On June 2, 2003, I was named editor of the Philadelphia Inquirer and became — as Jill Abramson did later at the New York Times — the first female editor in a storied institution's hundred-year-plus history. In November 2006, I achieved another distinction that Abramson last week came to share. I was fired after a tenure of only about three years.
The difference in the public reaction to those events tells me something both wonderful and terrible about what has changed in the world that working women inhabit.
Terrible because, whatever the facts of Abramson's departure, it exposed in a raw way the reservoirs of resentment, hurt and mistrust that women feel at work.

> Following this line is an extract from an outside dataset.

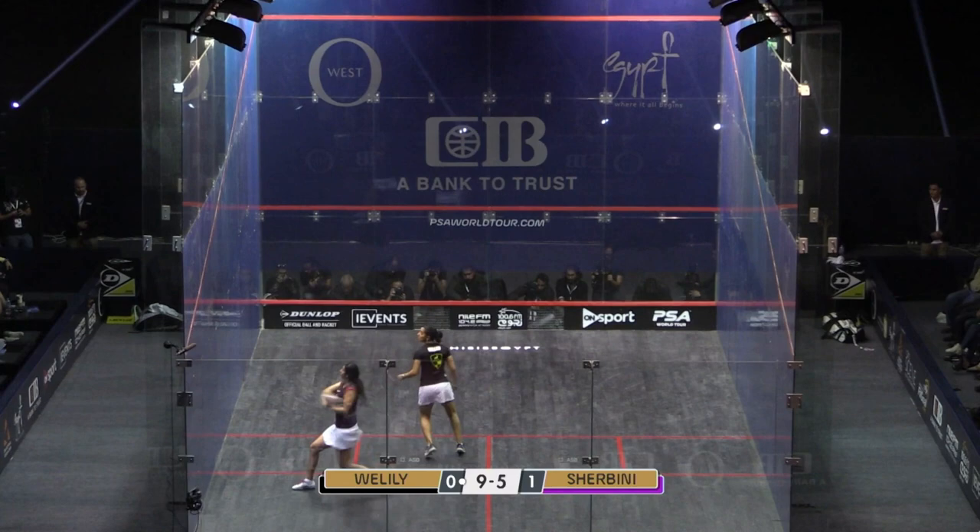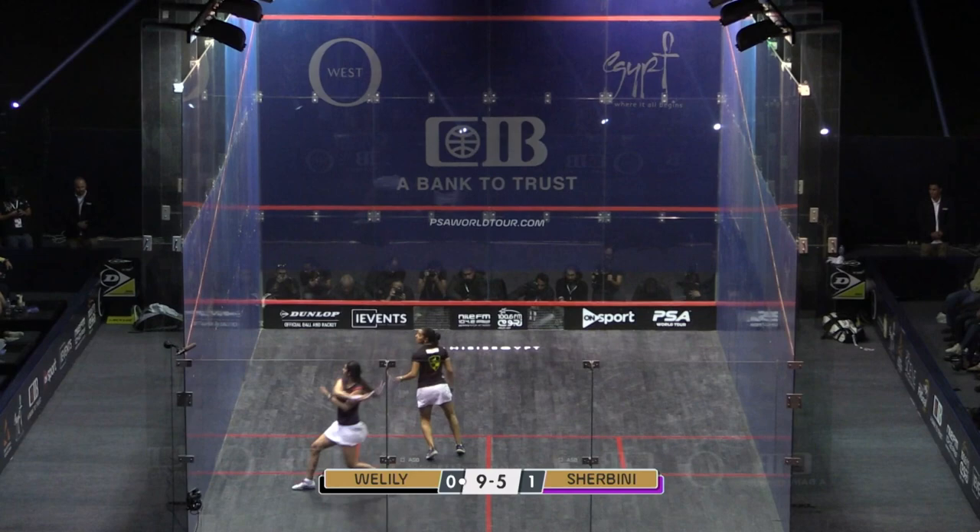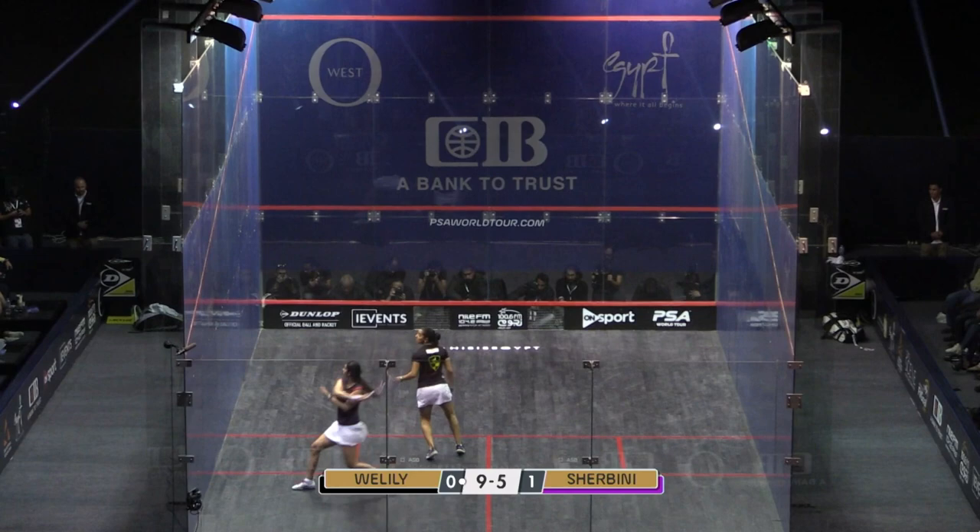The technical execution on this point is really essential — going from position one to position two, and then throwing the racket head up to position three. Look at that follow-through: she really lets it go, hitting through that ball and releasing it, not even opening her body too much, not over-rotating. And that's a key thing — to get power on that backhand volley, try not to over-rotate too much.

Wonderful, because it is clear that something fundamental has changed in just those seven short years. Women now feel not only resentful but also, finally, entitled: Entitled to lead. Entitled to be paid equally. Entitled to be flawed. Entitled to be fired, yes, but also entitled to point out the fact that to us seems so obvious: Men with even more spectacular and difficult flaws than ours get not only longer tenures but also much softer and more dignified landings.
I know Abramson, her successor, Dean Baquet, and Arthur Sulzberger, the publisher. I like and admire all three. I know absolutely nothing about what went on among them. This is not about them. It's about me and other women like me and why this event hit like a lightning strike to dry tinder.
What experiences can I contribute? The first is what it is like to be fired in an unnecessarily unpleasant and hurtful way.
To be clear: I was never going to remain editor of the Inquirer after Knight Ridder, a legendary newspaper chain, sold the paper to a local business group headed by a PR guy. He told me quickly I would be replaced, but if I kept things running smoothly until he found a successor, he would make the transition easy.
A few weeks later, he informed me that my successor had been chosen and that, in two hours, it would be announced that I was being reassigned as a suburban columnist, an egregiously demeaning demotion. If I fought back, his chief lieutenant said, his boss would play hardball.